Ultimately, a key goal is to find the social and political utility for this work — can this all be weaponized for an anti-imperialist and anti-capitalist movement? Determining the role of surrealism, subversive imagery (what even is subversive in an era where violent, noisy imagery can be just as easily marketed and consumed by platform capitalism), etc., in a rapidly dissolving world
How do you think new inventions (machine learning, Google Magenta, etc.) are impacting the landscape of art creation (from inception to production)? Do you think AI-generated art is changing the paradigms of art?
I think, like any emergent technology being wielded for artistic purposes, it has the potential for aiding the change of artistic paradigms, but a successful and compelling work is usually more dependent on the vision and capabilities of the creator.

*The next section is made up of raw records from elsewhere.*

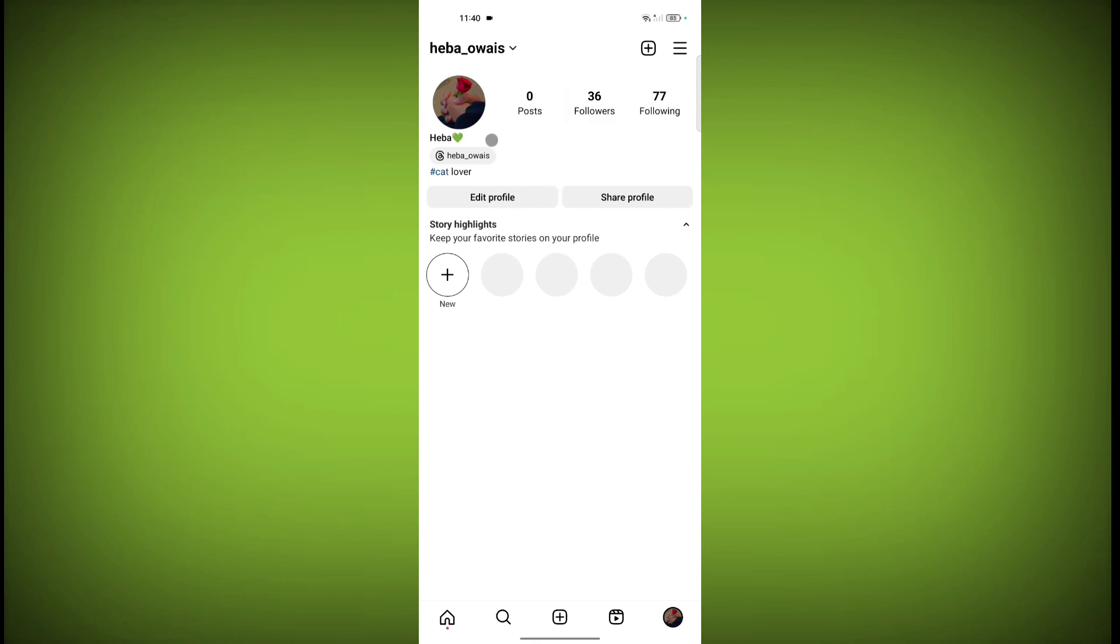There is no option for professional dashboard, which means we have switched to personal account.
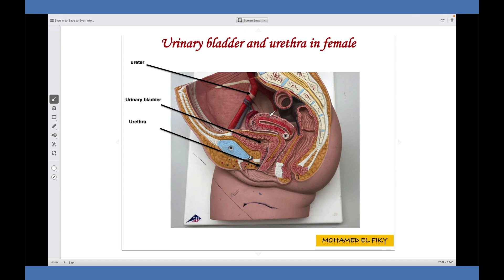Sagittal section in the female showing organs in the pelvis. This is the urinary bladder — the apex connected by the median umbilical ligament to the umbilicus, which was the obliterated urachus. The bladder continues downward by the urethra. This is the uterus and this is the vagina. The rectum is most posterior. In front of the pelvis: symphysis pubis and the sacrum. In this plastic model, the fallopian tube and the ureter descend from above downward to open in the urinary bladder.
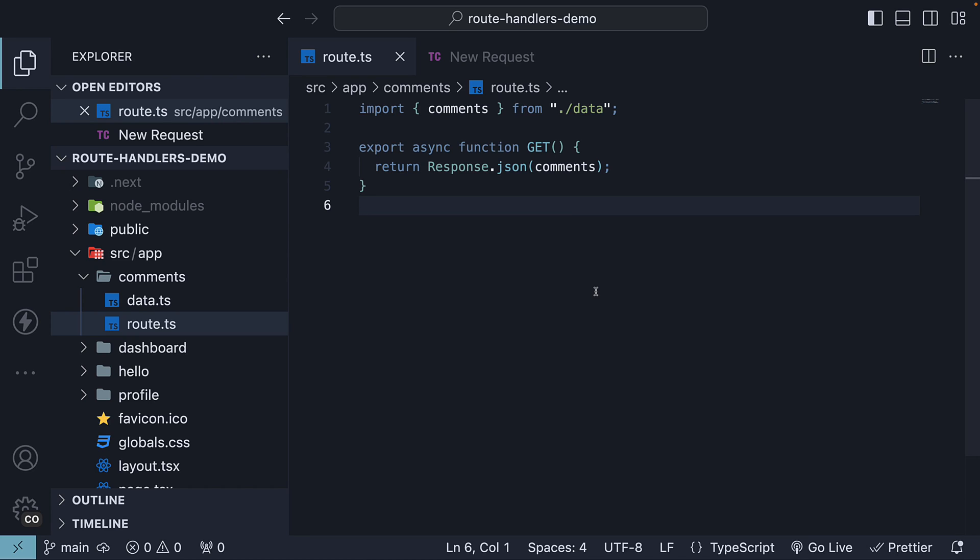In the previous video, we learned how to handle a GET request. In this video, let's learn how to handle a POST request.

AI allows us to accelerate the exploration of ourselves reflected in the black mirror, but too often, like so many other new technologies. It is used as a disposable stylistic novelty. I use this example all the time, but data moshing was an impactful but largely abandoned artistic practice that a few talented people found a real use for but was otherwise played out quickly for novelty’s sake.
Most of the technology you are using is developed by giant tech Silicon Valley companies which also get very keen on sponsoring artistic projects using these technologies. I see it as a way of legitimising themselves as philanthropic but at the same time imposing their thecnocapitalist dominance. How do you feel about the issue? And how do you find the right balance in your practice?
I agree completely; these major corporations are using artists to create pseudo-progressive marketing to act as a cover for their increasingly out-of-control attrition over our lives. Capitalism, especially through these accelerated, vertically integrated platform monstrosities we’re reliant on now, consumes and repurposes nearly everything radical or revolutionary for its own needs.
Digital artists who attempt to make a living in the weird art world-adjacent space of galleries, instal-friendly pop-up ‘museums’ and elsewhere are in a bit of a bind. In the US, there’s basically no real state funding for the arts that’s accessible en masse. The actual Art World is a pyramid scheme that hardly any artists profit from, there’s a (imo misguided) constant pressure to be using the most absolutely bleeding-edge tech tools (momentarily before moving on to the next novelty), and many of those tools are prohibitively expensive.
So, Google and others have become the new Medicis in a way, and both the conflict of interest inherent in that relationship and the speed of novelty required for new work has resulted in a lot of conceptually hollow tech demos masquerading as art, which largely only benefit the image of the manufacturer of the tech tools.
What is your chief enemy of creativity?
Probably a condition that I think affects most of us in neoliberal societies today: the general malaise of the isolated gig economy lifestyle, by that I mean the constant compulsion to create and be creative to survive with no waking time left for leisure and inspiration
You couldn’t live without…
I deny myself so much on a daily basis in service of productivity and focus that I’m inclined to say I couldn’t live without an artistic practice to underpin my sense of self-worth and give me an emotional scapegoat… however, I’m at the point where I wonder if that impulse is ultimately futile and I need to go outside and see the sun more.